**What is needed:**
The lines to extract run from the first line of the entries through the line that contains "elegant calligraphy pen set"; reproduce exactly those lines and no others.

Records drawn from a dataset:

*** Block opens ***

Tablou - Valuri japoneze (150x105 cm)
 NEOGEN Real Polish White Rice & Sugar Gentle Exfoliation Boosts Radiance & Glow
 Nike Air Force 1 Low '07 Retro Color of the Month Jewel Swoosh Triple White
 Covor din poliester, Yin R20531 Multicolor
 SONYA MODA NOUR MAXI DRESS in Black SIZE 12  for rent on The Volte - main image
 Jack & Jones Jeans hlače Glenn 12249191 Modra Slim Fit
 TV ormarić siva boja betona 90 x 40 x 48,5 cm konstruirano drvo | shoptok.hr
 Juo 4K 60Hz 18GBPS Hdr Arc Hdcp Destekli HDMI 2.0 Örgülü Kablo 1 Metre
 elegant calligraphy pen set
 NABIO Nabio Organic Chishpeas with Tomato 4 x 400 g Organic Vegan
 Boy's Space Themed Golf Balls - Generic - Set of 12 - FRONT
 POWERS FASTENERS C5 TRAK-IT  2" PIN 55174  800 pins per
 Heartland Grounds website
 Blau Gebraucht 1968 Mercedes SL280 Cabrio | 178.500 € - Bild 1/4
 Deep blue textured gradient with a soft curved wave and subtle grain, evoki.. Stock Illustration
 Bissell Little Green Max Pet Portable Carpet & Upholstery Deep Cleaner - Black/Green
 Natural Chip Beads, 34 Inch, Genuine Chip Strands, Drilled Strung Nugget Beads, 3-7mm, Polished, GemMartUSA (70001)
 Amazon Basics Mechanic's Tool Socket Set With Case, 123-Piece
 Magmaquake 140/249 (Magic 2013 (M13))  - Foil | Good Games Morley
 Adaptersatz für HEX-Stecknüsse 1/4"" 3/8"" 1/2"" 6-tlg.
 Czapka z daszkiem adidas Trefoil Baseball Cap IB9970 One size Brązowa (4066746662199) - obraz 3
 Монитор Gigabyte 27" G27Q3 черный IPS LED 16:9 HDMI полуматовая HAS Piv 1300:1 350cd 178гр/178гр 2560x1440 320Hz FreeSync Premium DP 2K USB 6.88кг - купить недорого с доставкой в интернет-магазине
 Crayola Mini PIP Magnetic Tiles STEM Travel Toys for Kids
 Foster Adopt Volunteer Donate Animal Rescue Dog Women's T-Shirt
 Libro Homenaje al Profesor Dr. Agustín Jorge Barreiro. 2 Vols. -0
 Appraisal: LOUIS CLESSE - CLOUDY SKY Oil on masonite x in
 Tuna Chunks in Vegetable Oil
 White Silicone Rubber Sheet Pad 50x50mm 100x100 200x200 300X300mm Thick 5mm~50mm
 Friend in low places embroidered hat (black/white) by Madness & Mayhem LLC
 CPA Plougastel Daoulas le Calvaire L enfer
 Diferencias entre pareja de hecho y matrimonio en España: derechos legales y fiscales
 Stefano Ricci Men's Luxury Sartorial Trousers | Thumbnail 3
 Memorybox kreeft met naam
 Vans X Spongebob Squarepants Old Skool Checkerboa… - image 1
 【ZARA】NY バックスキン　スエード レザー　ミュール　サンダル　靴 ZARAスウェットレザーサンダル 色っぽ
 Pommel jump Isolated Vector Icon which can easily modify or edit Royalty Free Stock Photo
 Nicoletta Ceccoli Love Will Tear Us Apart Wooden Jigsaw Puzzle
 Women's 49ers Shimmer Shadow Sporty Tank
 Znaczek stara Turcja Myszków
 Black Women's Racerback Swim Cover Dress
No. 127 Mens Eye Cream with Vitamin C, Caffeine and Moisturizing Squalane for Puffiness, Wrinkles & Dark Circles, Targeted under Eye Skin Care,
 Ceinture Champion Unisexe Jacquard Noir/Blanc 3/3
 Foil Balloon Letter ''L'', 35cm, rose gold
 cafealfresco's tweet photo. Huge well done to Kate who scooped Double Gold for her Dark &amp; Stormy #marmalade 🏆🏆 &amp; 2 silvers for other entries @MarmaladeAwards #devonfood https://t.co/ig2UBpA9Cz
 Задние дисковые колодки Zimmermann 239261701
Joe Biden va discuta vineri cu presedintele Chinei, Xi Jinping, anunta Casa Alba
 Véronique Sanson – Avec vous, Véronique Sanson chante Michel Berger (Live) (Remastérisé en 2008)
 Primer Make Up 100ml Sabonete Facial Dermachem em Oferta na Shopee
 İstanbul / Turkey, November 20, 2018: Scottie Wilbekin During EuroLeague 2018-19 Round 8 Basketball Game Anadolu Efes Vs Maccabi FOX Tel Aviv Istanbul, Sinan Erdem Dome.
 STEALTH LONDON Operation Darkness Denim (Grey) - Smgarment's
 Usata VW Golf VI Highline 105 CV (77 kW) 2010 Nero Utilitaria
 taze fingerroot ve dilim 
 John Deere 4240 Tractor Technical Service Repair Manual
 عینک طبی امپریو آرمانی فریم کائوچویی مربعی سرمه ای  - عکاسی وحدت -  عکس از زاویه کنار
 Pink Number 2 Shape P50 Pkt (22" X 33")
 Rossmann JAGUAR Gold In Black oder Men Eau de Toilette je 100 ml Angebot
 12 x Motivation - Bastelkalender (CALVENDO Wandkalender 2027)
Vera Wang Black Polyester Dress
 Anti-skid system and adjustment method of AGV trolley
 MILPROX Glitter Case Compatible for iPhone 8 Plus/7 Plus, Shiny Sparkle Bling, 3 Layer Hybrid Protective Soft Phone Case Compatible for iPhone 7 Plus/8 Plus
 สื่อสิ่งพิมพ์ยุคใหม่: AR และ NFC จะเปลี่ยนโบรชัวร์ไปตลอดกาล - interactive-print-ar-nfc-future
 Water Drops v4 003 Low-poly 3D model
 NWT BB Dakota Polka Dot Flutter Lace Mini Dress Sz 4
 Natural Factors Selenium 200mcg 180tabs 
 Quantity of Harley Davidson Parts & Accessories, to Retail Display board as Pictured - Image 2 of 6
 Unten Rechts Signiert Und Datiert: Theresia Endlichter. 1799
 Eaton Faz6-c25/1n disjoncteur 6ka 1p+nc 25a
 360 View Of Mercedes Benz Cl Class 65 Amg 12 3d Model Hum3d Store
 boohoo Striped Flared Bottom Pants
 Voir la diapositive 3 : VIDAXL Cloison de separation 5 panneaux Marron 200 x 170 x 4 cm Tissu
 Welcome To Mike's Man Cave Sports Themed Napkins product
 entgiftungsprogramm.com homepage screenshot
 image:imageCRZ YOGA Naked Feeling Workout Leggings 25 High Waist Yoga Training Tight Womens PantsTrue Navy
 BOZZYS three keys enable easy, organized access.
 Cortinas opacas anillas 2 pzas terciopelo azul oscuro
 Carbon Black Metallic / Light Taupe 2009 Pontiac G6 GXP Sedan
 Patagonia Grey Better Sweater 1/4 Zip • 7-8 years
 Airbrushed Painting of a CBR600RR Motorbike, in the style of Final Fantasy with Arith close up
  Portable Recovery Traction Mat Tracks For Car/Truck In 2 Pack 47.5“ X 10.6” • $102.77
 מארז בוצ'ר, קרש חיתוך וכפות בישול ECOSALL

*** Block closes ***

**Expected answer:**
Tablou - Valuri japoneze (150x105 cm)
 NEOGEN Real Polish White Rice & Sugar Gentle Exfoliation Boosts Radiance & Glow
 Nike Air Force 1 Low '07 Retro Color of the Month Jewel Swoosh Triple White
 Covor din poliester, Yin R20531 Multicolor
 SONYA MODA NOUR MAXI DRESS in Black SIZE 12  for rent on The Volte - main image
 Jack & Jones Jeans hlače Glenn 12249191 Modra Slim Fit
 TV ormarić siva boja betona 90 x 40 x 48,5 cm konstruirano drvo | shoptok.hr
 Juo 4K 60Hz 18GBPS Hdr Arc Hdcp Destekli HDMI 2.0 Örgülü Kablo 1 Metre
 elegant calligraphy pen set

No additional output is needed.